Last modified: 22 May 2019 17:07
An introduction to late medieval-literature, challenging modern assumptions about the medieval and exploring the diverse range of medieval literary culture, from Chaucer's Canterbury Tales to the autobiographical narrative of Margery Kempe and surprising profanity of medieval lyric.
|Session||Second Sub Session||Credit Points||30 credits (15 ECTS credits)|
This course offers an introduction to late-medieval literature, challenging modern assumptions about the nature of the 'medieval' and introducing a variety of texts from the popular to the courtly and from the sacred to the (very) profane. Students will become familiar with Medieval language and be introduced to themes and genres ranging from romance, narrative verse, drama, and woman’s writing to lyric verse.
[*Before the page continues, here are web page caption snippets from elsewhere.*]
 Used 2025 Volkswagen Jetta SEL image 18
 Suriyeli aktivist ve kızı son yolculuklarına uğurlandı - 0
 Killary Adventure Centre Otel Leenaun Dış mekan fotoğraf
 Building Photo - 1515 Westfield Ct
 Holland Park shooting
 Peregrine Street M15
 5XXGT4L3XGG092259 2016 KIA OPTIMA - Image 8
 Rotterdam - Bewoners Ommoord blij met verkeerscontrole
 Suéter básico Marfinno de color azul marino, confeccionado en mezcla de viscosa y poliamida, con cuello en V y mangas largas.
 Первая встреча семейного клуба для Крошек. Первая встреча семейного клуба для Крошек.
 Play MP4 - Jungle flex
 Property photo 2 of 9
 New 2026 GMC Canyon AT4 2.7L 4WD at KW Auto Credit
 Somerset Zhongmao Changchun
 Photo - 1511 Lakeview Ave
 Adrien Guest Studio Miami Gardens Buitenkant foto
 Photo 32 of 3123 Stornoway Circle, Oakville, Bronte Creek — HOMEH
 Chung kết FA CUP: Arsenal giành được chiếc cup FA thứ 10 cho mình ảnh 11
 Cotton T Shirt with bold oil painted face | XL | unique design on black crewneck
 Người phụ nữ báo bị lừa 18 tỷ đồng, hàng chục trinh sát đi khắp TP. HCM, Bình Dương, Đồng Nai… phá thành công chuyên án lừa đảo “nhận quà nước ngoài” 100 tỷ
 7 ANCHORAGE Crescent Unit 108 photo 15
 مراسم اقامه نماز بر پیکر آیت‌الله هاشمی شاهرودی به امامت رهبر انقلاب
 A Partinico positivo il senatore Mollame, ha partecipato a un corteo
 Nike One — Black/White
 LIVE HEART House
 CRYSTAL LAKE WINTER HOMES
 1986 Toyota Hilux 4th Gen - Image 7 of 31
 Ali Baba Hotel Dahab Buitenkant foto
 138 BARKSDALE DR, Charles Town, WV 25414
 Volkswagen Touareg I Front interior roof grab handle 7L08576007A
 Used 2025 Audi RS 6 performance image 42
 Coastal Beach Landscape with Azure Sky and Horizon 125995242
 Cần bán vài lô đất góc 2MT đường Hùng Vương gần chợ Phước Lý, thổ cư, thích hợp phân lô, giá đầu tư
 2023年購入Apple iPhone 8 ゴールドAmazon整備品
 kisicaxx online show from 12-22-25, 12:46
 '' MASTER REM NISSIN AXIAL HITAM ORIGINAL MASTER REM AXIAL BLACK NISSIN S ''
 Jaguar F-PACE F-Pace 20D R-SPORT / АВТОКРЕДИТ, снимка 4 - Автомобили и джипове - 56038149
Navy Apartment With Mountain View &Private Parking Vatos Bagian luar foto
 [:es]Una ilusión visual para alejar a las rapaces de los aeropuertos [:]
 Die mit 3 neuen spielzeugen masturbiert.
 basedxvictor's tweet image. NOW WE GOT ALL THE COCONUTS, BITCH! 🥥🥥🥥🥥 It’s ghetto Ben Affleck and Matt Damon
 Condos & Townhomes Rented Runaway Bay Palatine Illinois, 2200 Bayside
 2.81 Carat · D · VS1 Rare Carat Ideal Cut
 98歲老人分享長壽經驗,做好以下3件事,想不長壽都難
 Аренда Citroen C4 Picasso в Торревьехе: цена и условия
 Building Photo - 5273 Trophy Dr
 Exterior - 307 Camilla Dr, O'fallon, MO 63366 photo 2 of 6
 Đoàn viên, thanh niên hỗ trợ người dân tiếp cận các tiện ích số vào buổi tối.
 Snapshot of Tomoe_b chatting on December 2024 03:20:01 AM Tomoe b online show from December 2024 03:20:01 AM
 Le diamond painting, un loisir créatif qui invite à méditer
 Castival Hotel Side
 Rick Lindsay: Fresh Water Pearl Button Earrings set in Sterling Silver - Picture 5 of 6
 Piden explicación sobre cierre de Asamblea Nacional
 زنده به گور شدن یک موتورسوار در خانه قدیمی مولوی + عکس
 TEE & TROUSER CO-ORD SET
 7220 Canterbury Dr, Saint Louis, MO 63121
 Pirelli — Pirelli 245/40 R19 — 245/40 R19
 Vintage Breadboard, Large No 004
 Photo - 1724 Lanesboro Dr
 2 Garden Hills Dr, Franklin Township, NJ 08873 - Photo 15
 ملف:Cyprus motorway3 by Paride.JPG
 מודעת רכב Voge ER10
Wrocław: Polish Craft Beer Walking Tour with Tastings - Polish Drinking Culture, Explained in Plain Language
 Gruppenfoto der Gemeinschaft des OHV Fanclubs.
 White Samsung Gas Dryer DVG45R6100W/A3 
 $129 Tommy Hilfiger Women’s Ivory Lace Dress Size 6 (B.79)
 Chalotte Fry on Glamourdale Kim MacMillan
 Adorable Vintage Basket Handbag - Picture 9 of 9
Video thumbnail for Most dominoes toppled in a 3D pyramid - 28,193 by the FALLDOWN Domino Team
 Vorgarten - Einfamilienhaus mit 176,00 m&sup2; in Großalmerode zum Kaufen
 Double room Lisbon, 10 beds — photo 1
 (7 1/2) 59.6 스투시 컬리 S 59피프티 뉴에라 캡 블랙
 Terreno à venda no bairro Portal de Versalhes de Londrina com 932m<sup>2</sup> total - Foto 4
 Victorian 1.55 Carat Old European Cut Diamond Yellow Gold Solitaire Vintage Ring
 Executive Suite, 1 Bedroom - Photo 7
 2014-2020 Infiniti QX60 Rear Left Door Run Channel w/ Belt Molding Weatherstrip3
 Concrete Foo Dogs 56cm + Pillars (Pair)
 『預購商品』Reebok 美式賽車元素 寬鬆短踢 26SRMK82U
The course will also examine the cultural influence of the medieval in modern literature, and the concept of medievalism.
Set Texts: The Broadview Anthology of British Literature, Volume 1: The Medieval Period (3rd edition) ISBN: 978-1-55481-202-8 (The key difference between earlier editions and this is in texts included online as expansion, so you may use an earlier edition if you wish to save money)
Patience Agbabi, Telling Tales (2014)
Information on contact teaching time is available from the course guide.
1st Attempt: Two 2500 word essays (40% each), project (10%) seminar work (10%).
Resit: Essay Submission (3,000 words) (100%).
Throughout the course students will be encouraged to ask for formative assessment from the tutor on their achievements. Individual and group discussions with the tutor will also give students a chance to develop their undertanding of what is asked of them and how they can produce this.
Detailed written feedback on the essays. Detailed oral feedback on the presentations.